Making Things Happen

So why didn’t I just hire a contractor to manage the project? It would cost more money, but would be much easier for me to interface with one individual who would be responsible for all of the project activities, deadlines, dealing with builders, suppliers, and attaining the necessary permits from our local township. Besides, all of this needed to begin while Lake Edge was still in its busy season – up until Thanksgiving weekend. And, what do I know about managing a construction project anyway? However, I soon came to the realization that most of the reputable contractors were busy 1-2 years out, and there was a shortage of both skilled labour and materials (e.g. concrete).

So, with these constraints, I deduced that I would need to ‘dig deep’ to find reliable resources, and then project manage it myself. The risk being that I don’t know what I don’t know, so there will be some learning/growth pain throughout the process – but that never stopped me before. I learned from running a student painting business during my university days that “some people make things happen, others watch things happen, and those who don’t know what’s happening”. We get to choose.

Above it all, I find motivation in life through continual learning, transformation, and improvement. This is often where new opportunities emerge that can make a positive difference in one’s self, your career, and stuff you’re accomplishing as you go forward.

And so, the project blueprints, phone calls and networking to find the right resources began. Generation Solar (as discussed earlier), had already earned my trust, so I leveraged their network of suppliers to find “Whippletree” a well-experienced company that would build a pole-barn framework that would satisfy our needs. As I got to know the owners, I realized how fortunate I was to have them on my project. Not just because of their extensive experience, but also their collegial and positive attitudes, that would make the project fun to work on together. I learned through personal experience to expect issues on any project, and having a strong team that works well together, much easier to navigate through obstacles that come along.

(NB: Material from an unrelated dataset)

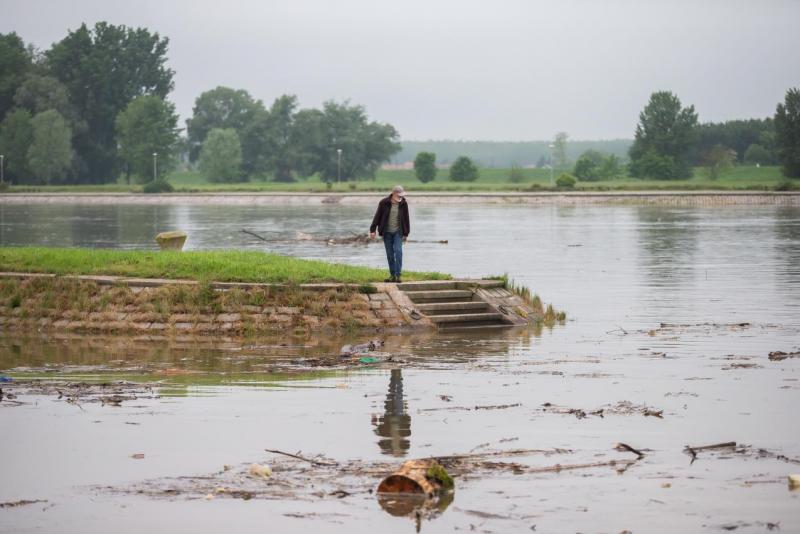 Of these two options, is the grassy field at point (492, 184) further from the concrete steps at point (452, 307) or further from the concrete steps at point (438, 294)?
the concrete steps at point (452, 307)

And finally, I chose a reputable concrete supplier – or so I thought. After several weeks of discussions and my agreement to move forward with them, they sent an email saying they could no longer commit to my project. Huge disappointment, as I had wasted several weeks and it would be difficult to find a replacement with only 8 weeks to go before breaking ground on the new foundation. Neither Generation Solar, nor Whippletree had any recommendations either. So, I sourced one through my local building material suppliers. Definitely not the ideal situation you when your options are limited.

With 4 stages of pouring concrete – and 2 left to go, the foundation has taken longer than expected as we are currently 3 weeks behind schedule. This stems from a combination of earlier wet weather, and resource challenges. Our updated schedule tells us that we are about 10 days away before we move to the framing stage.

Our picture below illustrates 15 concrete piers, resting on 4-foot-deep in the ground, concrete footings, upon which the white pine timber beams will be attached using 8-inch-deep concrete screws re-secured with epoxy. The fog is typical at this time of year as our lake is warmer than the cool night temperatures. Most mornings see frost while our fog burns off around 10am. It’s my favourite time of year!